Prompt:
Look through the entries below for the line with "White envelope with" and the line with "A woman stands", then give again exactly those two lines and all lines between them, minus the pictures.

Raw data:

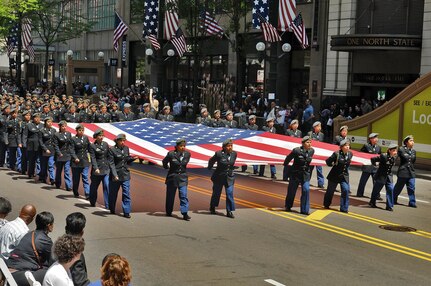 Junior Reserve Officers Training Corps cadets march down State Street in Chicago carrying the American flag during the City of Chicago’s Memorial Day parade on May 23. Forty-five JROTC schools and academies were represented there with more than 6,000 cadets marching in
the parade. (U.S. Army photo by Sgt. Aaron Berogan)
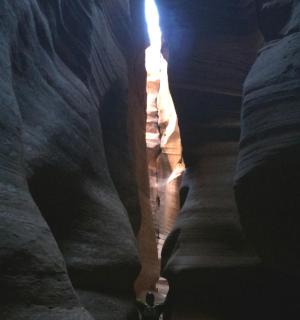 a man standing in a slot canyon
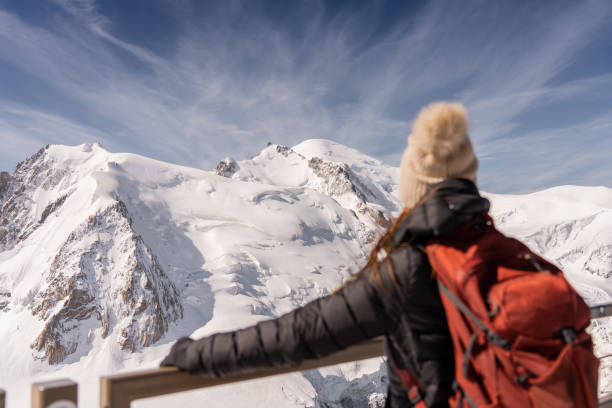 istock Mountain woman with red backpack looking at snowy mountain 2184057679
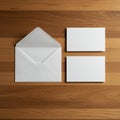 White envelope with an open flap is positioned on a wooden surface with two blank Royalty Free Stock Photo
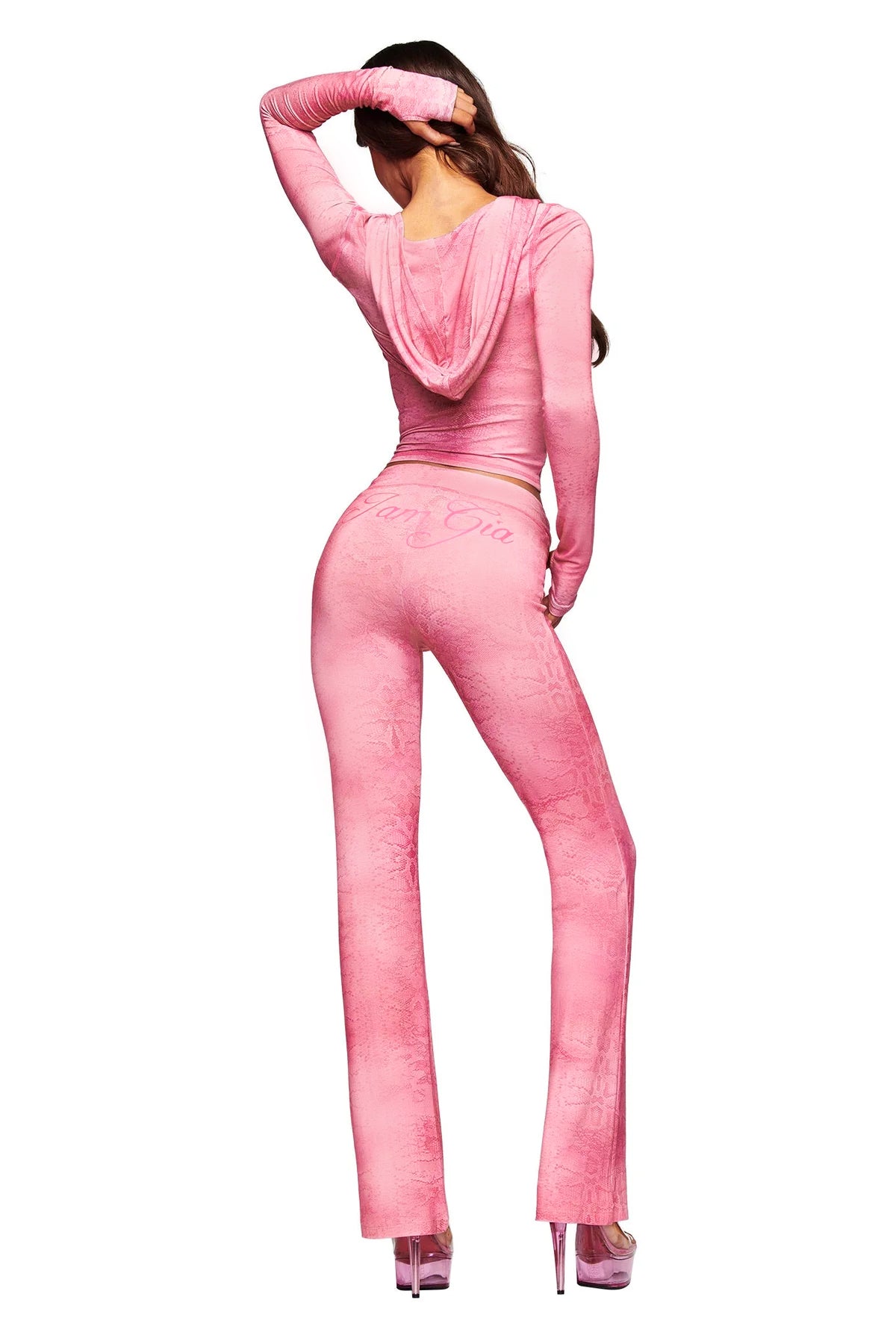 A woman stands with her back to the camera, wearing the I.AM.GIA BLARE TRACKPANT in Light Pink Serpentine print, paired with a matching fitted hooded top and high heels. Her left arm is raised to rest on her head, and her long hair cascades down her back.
...
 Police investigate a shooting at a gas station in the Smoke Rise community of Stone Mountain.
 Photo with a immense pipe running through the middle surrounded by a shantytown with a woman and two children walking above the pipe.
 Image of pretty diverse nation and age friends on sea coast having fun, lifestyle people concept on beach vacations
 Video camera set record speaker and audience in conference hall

Task solution:
 White envelope with an open flap is positioned on a wooden surface with two blank Royalty Free Stock Photo
 A woman stands with her back to the camera, wearing the I.AM.GIA BLARE TRACKPANT in Light Pink Serpentine print, paired with a matching fitted hooded top and high heels. Her left arm is raised to rest on her head, and her long hair cascades down her back.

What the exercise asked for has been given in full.